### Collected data
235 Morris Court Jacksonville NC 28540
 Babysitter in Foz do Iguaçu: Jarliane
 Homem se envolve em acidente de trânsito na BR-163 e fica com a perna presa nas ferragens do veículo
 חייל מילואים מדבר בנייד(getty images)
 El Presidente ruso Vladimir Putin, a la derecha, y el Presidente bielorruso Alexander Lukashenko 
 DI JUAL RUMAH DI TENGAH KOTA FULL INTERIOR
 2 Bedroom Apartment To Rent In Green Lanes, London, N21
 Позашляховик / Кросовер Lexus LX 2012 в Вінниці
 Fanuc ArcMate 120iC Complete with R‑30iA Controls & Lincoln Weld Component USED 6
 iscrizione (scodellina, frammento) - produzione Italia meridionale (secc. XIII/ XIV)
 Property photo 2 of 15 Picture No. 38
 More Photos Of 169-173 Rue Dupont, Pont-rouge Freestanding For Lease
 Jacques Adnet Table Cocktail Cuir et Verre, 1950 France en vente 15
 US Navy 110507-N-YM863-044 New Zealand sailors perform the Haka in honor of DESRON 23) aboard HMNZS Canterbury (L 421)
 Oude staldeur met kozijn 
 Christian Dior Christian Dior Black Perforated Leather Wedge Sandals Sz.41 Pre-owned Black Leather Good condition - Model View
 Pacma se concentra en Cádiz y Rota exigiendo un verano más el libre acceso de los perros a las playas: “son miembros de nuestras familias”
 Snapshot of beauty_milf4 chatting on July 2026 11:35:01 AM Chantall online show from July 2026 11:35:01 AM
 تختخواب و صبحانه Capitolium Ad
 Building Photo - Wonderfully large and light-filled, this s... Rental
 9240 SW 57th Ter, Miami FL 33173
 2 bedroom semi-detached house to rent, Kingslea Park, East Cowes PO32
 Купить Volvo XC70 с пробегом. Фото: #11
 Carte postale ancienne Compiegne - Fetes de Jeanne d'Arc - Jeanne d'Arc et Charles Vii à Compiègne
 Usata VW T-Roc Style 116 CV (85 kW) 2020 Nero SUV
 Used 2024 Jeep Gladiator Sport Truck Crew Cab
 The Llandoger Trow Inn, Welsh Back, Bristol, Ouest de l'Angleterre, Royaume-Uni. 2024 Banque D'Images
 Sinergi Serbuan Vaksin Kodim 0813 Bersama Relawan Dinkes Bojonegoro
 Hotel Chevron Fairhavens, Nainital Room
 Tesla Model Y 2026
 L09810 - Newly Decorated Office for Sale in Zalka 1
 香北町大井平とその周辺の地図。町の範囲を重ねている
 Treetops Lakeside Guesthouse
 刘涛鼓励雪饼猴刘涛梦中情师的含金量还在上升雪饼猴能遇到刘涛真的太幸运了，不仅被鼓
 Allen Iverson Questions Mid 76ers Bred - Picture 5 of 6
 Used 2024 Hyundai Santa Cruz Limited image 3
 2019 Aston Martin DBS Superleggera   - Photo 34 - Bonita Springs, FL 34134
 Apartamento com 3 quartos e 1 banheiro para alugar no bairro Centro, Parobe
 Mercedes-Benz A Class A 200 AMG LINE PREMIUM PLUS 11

### Exercise brief
Where does the string "Model" appear in the records? Copy every line that holds it.

### Solution to the exercise
 Christian Dior Christian Dior Black Perforated Leather Wedge Sandals Sz.41 Pre-owned Black Leather Good condition - Model View
 Tesla Model Y 2026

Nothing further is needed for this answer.